Around 200 health professionals gathered Tuesday at the entrance of the Nurse Isabel Zendal Hospital in Madrid as officials entered the state-of-the-art facility, built in 100 days at a cost of 100 million euros ($119 million), twice the original budget.
Health workers’ unions criticized the project, saying the investment should have gone instead to shoring up an existing public health system run down by years of spending cuts.
Only one of four wings of the 80,000-square-meter (nearly 20-acre) hospital — equivalent to around 10 soccer fields — is set to open initially with 240 beds, although the regional government so far has only enlisted as volunteers about one-sixth of the workers needed.
Madrid's regional president, Isabel Díaz Ayuso, said the hospital is the first of its kind in Europe and that it will help alleviate pressure in other public hospitals by focusing on COVID-19 patients.
“I’m sorry for the criticism. We are saving lives,” Díaz Ayuso said, adding that its location, near the Spanish capital's international airport, will also be an advantage in assuring visitors that the city is safe. "A great public hospital cannot be bad news for anyone.”
The conservative regional leader has been the fiercest critic of how the leftist national government, led by Prime Minister Pedro Sánchez, has handled the pandemic, constantly objecting to preventative measures and advocating restrictions that try to preserve economic activity.
Although scientists say that heightened caution and the fear factor might have played a major role, the region’s 14-day infection rate has dropped from 500-plus cases per 100,000 inhabitants in October to 236 on Monday, below the national average of 275.
While Díaz Ayuso was accompanied Tuesday by Popular Party leader and head of the opposition, Pablo Casado, the health minister, Salvador Illa, had declined an invitation to attend saying he was already busy.
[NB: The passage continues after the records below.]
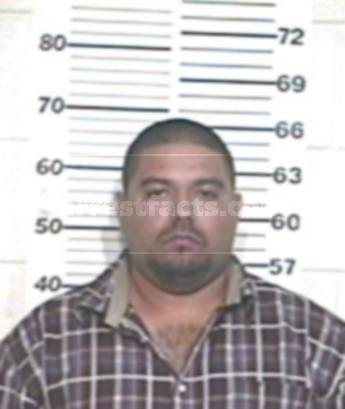 Jose Felix Gonzalez Morales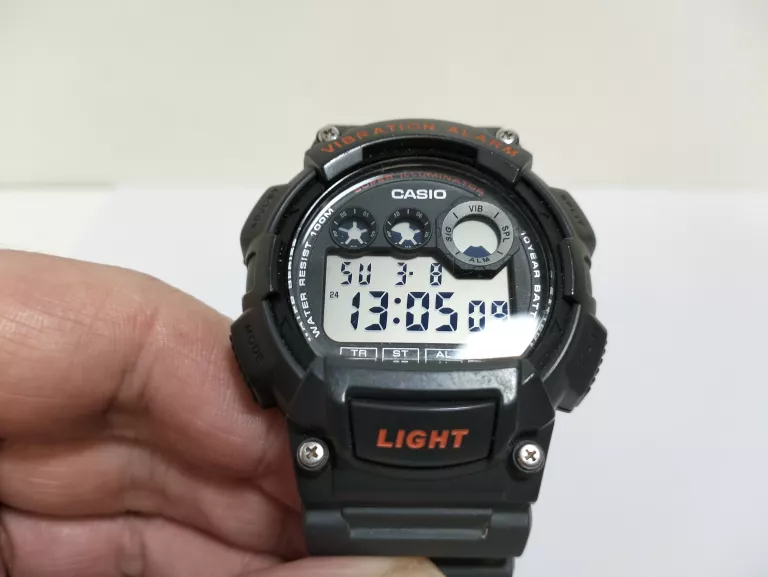 ZEGAREK CASIO W-735H-8AVEF OKAZJA!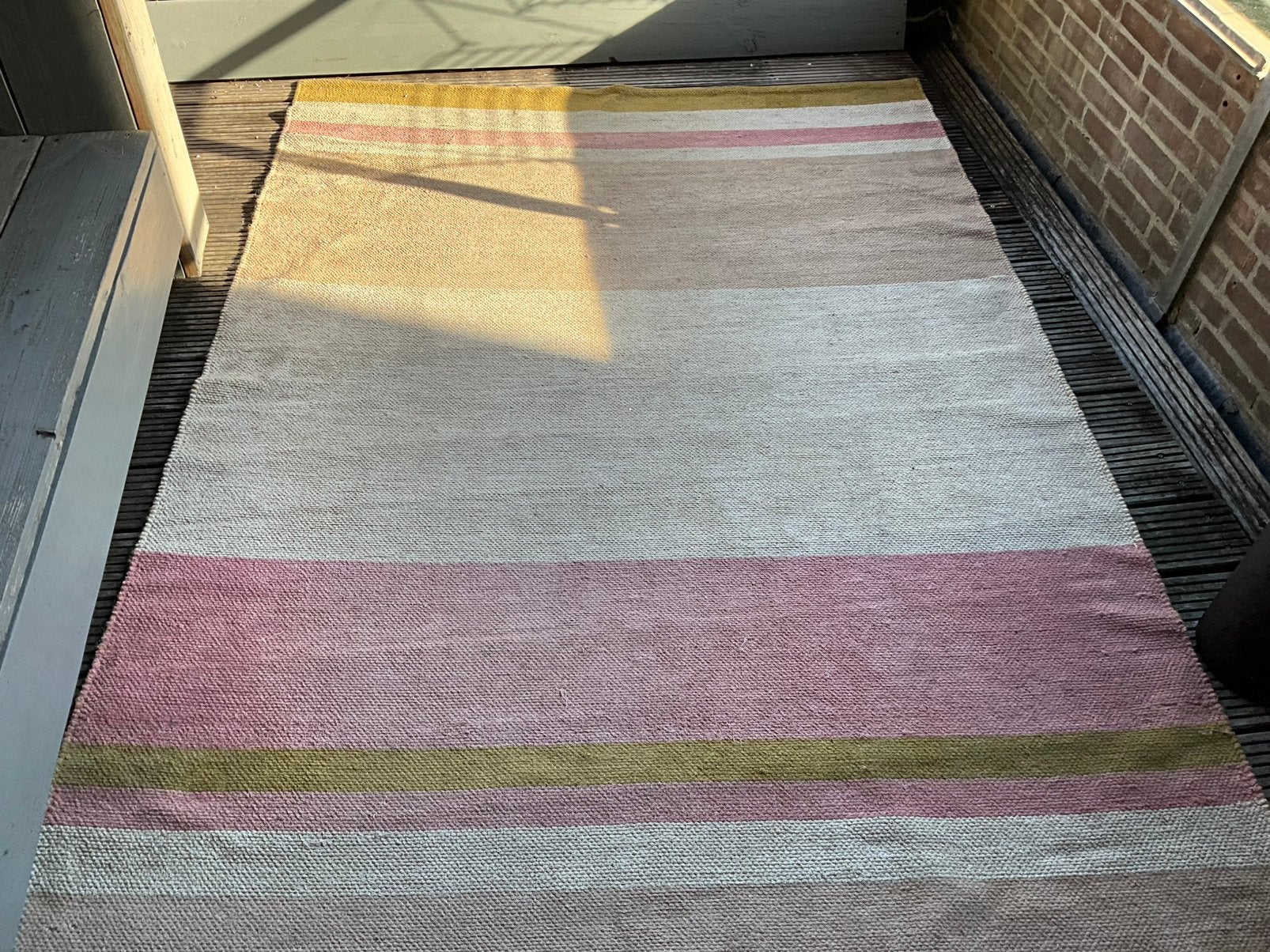 Sissy boy kleed 230/160, Huis en Inrichting, Ophalen, Gebruikt, 150 tot 200 cm, 200 cm of meer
No left-wing national or regional politician attended Tuesday's ceremony.
The new facility is inspired by Madrid's experience with a makeshift hospital set up in an exhibition center back in the spring, when hospitals in the region of 6.6 million were overwhelmed. That move also brought both criticism and praise.
Governments across Europe launched similar projects with different results. In Britain, seven temporary hospitals in convention centers and other venues were named the “Nightingale” hospitals after nursing pioneer Florence Nightingale — similar to Madrid's Isabel Zendal. But they ended up treating only a handful of patients. They were kept on standby, and the Nightingale hospital in Manchester recently began admitting patients again. The government is considering using the others as coronavirus vaccination centers.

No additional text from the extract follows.